Özellikle nüfus açısından büyük gibi görünen ama aslında pek çok insanın birbirini tanıdığı şehirlerde, bazı kişiler, kişisel hazımsızlıkları ya da sosyal ve iş yaşamında rakiplerini zora sokmak amacıyla gerçek dışı iftiralar ve abartılı sözlerle başkalarını yıpratma yoluna başvurabiliyor. Bu tür asılsız söylentiler, hedef alınan kişilerin yaşamlarını ciddi anlamda zorlaştırabiliyor. “Kalbi kararmış, kötü niyetli insanlar” tarafından başlatılan bu iftiralar, zamanla yayılarak hedefteki kişinin hem sosyal çevresiyle hem de mesleki itibarında sorunlara yol açıyor. Dahası, iyi niyetli insanlar bile bu iftiralara inanarak suçlanan kişilere tavır alabiliyor.

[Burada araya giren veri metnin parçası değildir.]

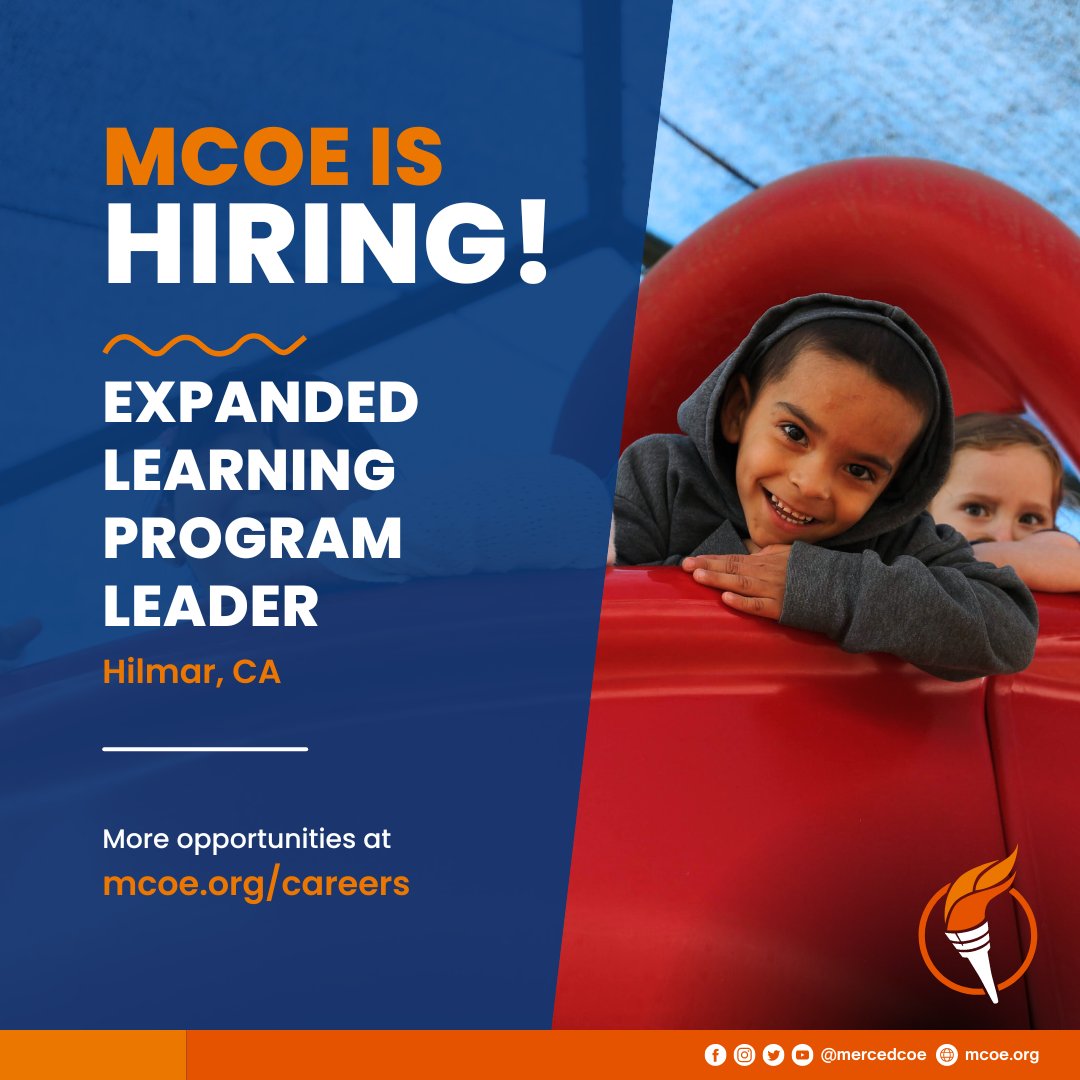 📢 Job Announcement: Expanded Learning Program Leader Location: Hilmar, CA 👉 Apply here: edjoin.org/Home/JobPostin… #MercedCOE #MercedCounty #MercedJobs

Bu tür iftiraların farklı türleri olabiliyor: Kimi zaman, hedef alınan kişinin mesleğinde yüksek ücretler aldığı iddia edilerek kıskançlık uyandırılıyor; kimi zaman, çevresinde varlıklı insanlarla arkadaşlık ettiği ileri sürülerek eleştiriliyor; bazen de tamamen asılsız bir şekilde maddi sıkıntı içinde olduğu söylenerek yalnızlaştırılmaya çalışılıyor. Ne yazık ki, bu süreçte iftirayı başlatan kişi genellikle ortada görünmüyor, ancak kulaktan kulağa yayılan söylentiler hedef alınan kişinin hayatını altüst ediyor.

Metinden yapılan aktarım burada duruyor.